→ **Task brief**: Starting with the line containing "Arcato Minimalist Floor" and going on through the line containing "Touch Bedlamp met", return the lines of the data below exactly, and only those.

→ **Dataset extract**:
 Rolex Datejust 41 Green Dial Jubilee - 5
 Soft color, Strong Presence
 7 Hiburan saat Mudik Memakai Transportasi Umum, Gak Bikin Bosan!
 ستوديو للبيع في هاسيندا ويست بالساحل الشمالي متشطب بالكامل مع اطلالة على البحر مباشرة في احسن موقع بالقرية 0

* * *

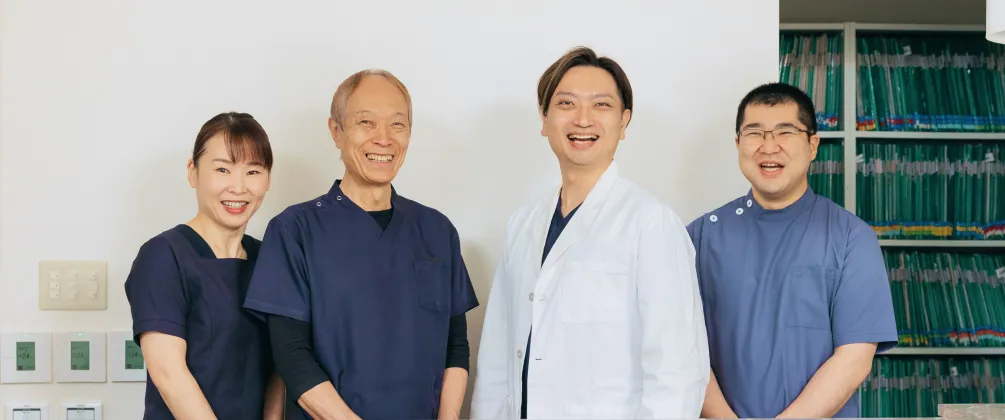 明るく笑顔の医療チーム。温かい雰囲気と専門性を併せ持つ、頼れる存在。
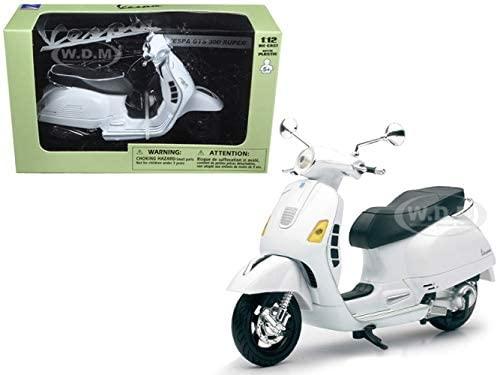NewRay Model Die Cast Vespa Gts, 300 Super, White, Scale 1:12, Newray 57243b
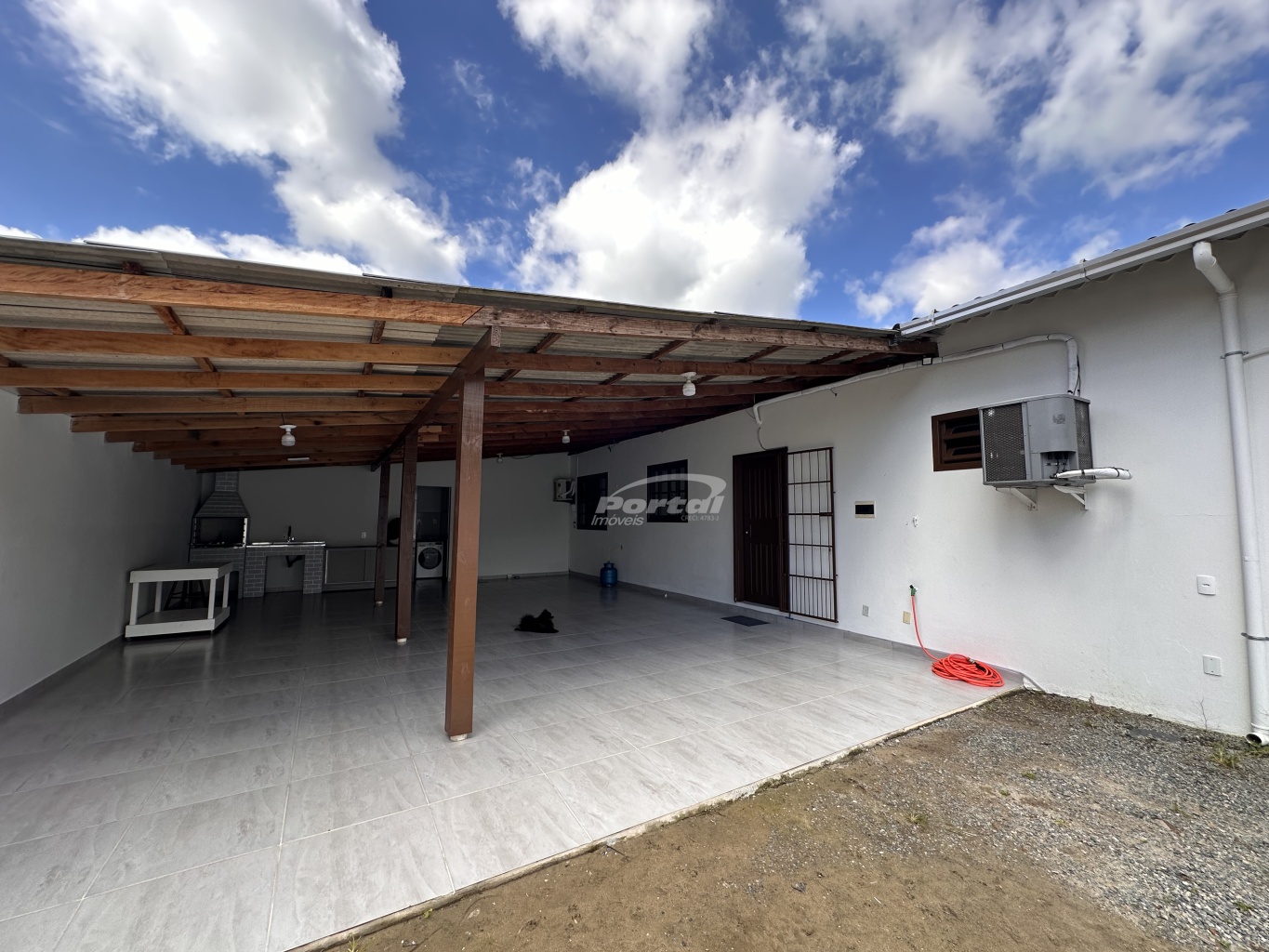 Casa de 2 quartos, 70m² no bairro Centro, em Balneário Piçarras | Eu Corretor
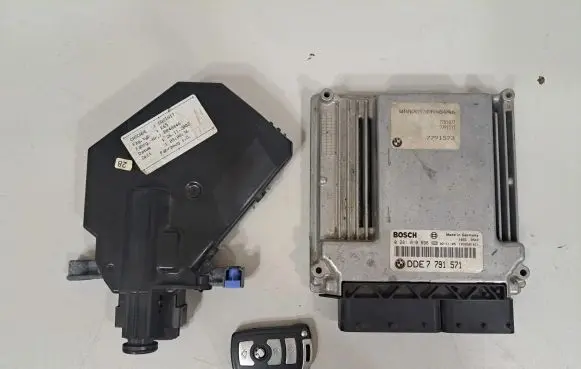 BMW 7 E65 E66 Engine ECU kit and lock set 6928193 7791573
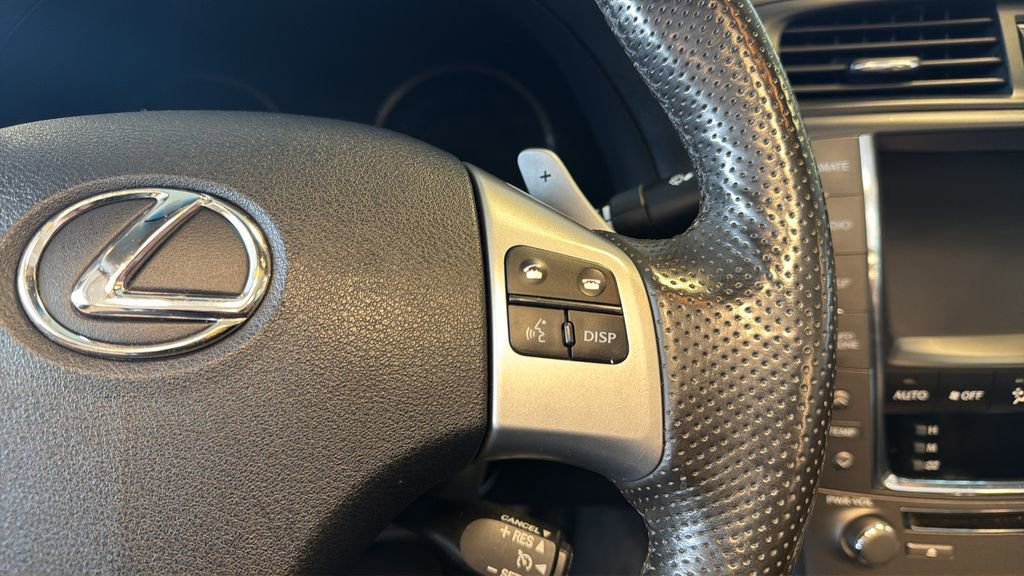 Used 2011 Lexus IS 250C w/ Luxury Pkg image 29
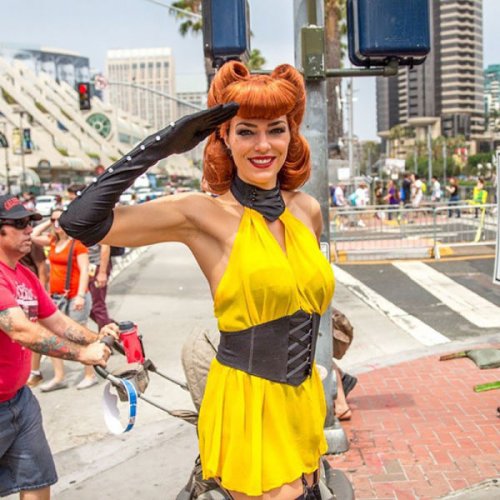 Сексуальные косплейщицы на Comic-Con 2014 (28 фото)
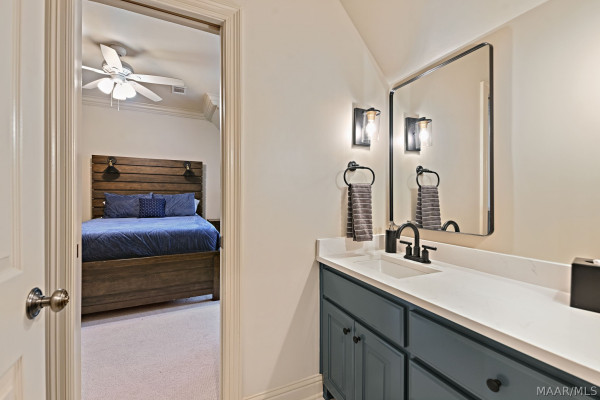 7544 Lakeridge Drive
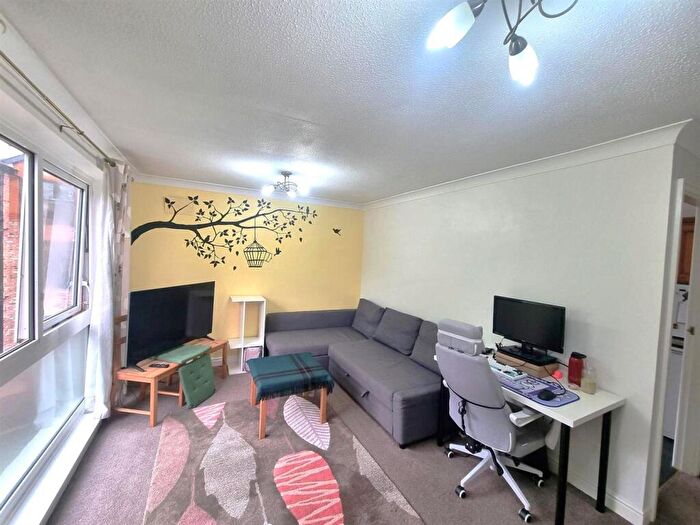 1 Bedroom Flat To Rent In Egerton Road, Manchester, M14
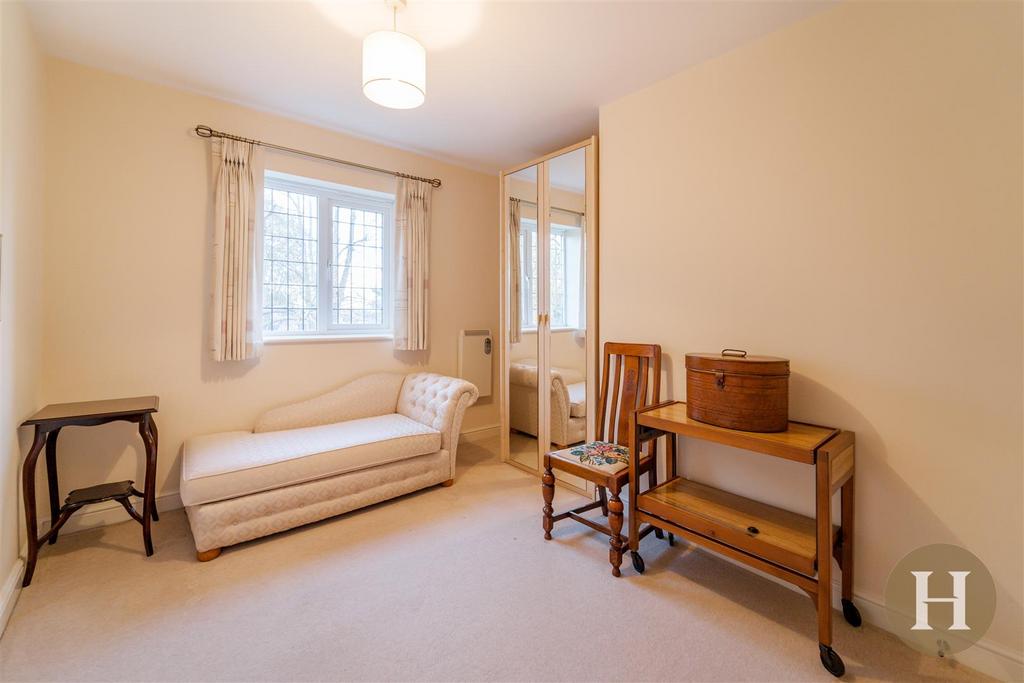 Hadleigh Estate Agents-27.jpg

* * *

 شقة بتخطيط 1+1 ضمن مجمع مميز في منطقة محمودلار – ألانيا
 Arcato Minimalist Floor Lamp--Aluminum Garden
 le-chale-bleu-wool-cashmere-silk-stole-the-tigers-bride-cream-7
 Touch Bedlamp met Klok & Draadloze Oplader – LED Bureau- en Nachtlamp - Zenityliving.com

→ **Task output**:
 Arcato Minimalist Floor Lamp--Aluminum Garden
 le-chale-bleu-wool-cashmere-silk-stole-the-tigers-bride-cream-7
 Touch Bedlamp met Klok & Draadloze Oplader – LED Bureau- en Nachtlamp - Zenityliving.com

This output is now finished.